InnoDB is the second most-common storage engine (the first being the old/kludgy MyISAM) and is ACID-compliant, supports foreign keys, etc. The only thing it lacks is full-text support which is only available on MyISAM tables, but that can be worked around of relatively easily.
There are also other storage engines available, some free, some commercial, and some that enable some neat tricks (like the Blackhole storage engine for replication purposes).
You bring up a good point there, and I won't try to dismiss it as it's certainly valid. Misfired releases, so to speak, have hurt MySQL in recent history and created division even in its own community.

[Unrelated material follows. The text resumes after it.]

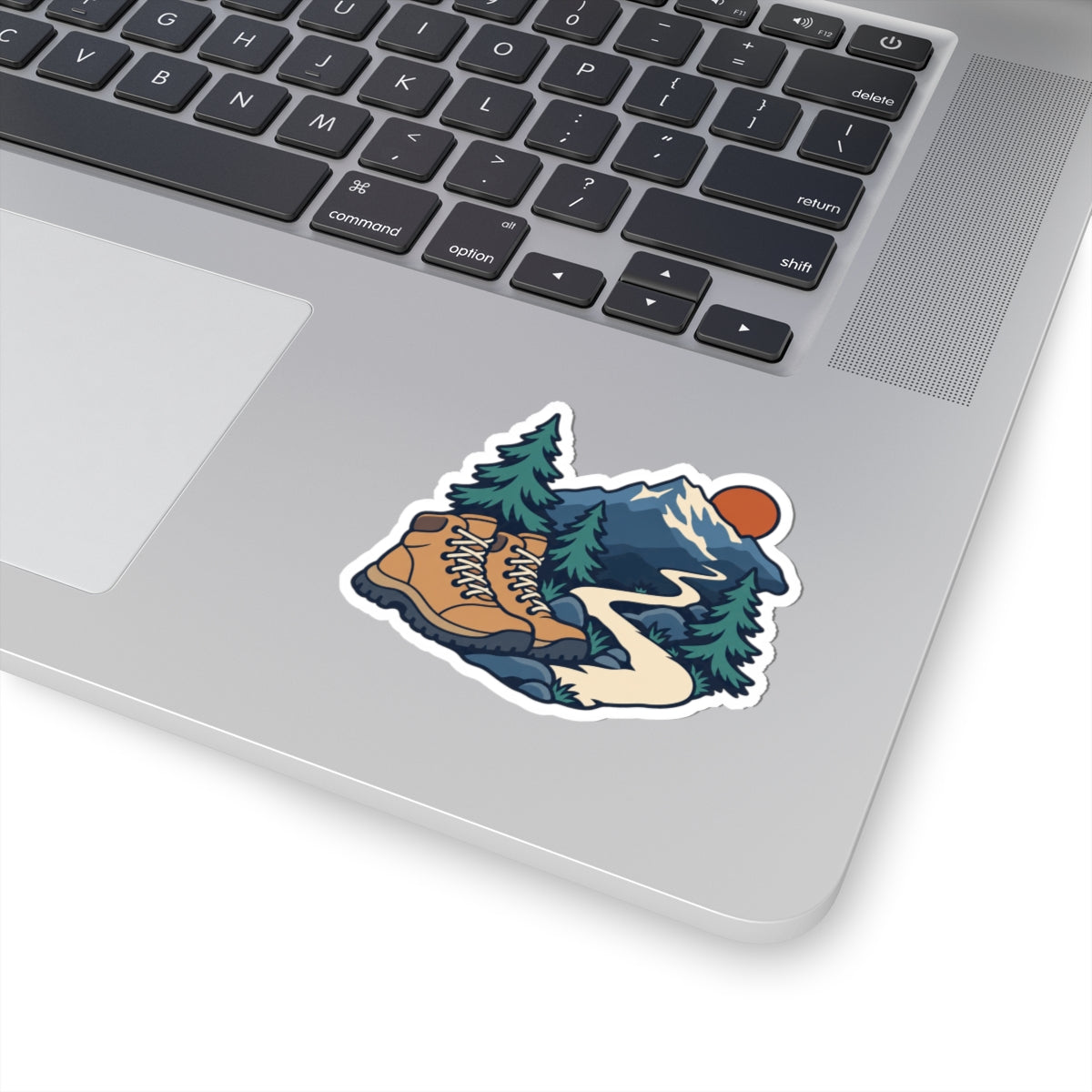 Hiking boots, mountain trail and fir trees sticker shown on a silver laptop beside the keyboard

I'm just trying to shake down these age-old misconceptions that no longer have any base in reality
I could see your point if MySQL weren't being used in some high-profile instances. However, even that isn't the case anymore. For instance, Google has submitted quite some patches of its own to MySQL.
See MySQL's case studies here: http://www.mysql.com/why-mysql/case-studies/
Disclaimer: I am not in any way related to MySQL as more than a web developer. I'm even contemplating a move to PostgreSQL somewhere down the road due to the recent Oracle shenanigans. But nowadays, it is a pretty good product.

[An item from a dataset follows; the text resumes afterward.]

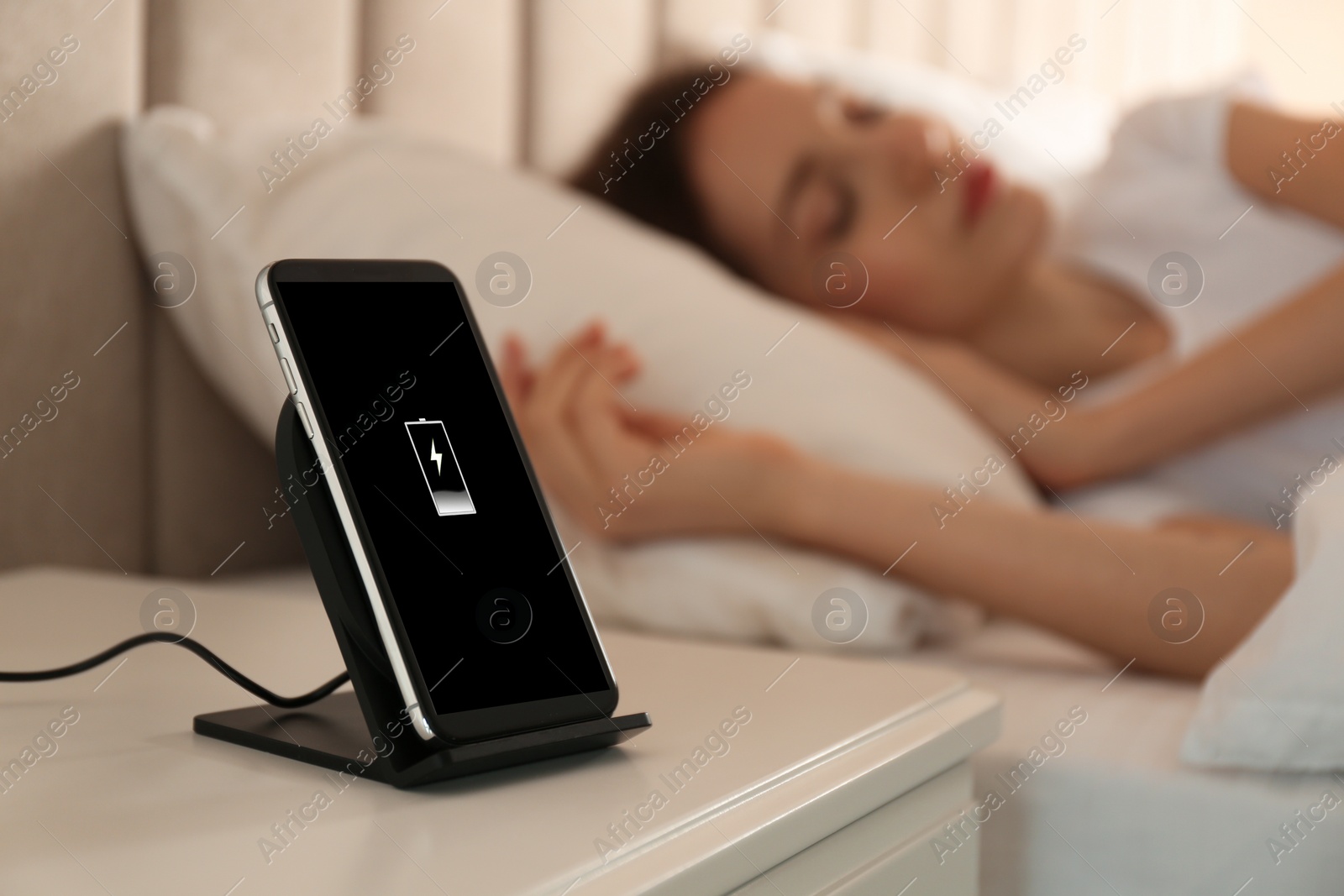 Photo of Smartphone charging on wireless pad and woman sleeping in bed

You have to specifically create the tables with a non-standard SQL code to get them to use the right database backend to get foreign key support.
The what to the who, now? Dude, if you're using MySQL and you have issues because you can't get past the default storage engine, I can't wait to see what happens when you have to do actual work.
It's not 2000 anymore. 99% of the problems people have historically with MySQL are simply not present in recent production versions. PostgreSQL and MySQL roughly have feature parity nowadays, Stop treating MySQL as if it's some toy. WikiVS has a good, up-to-date comparison: http://www.wikivs.com/wiki/MySQL_vs_PostgreSQL
I also find it amusing that an AC below complains about "how many storage engines"? Whoosh, that's the sound of the point flying over his head.
By the way, I'm not dissing PostgreSQL in any way, I think it's great. But it's about time some meaningless mantras stop being chanted.
How long does it take a DEC field service engineer to change a lightbulb? It depends on how many bad ones he brought with him.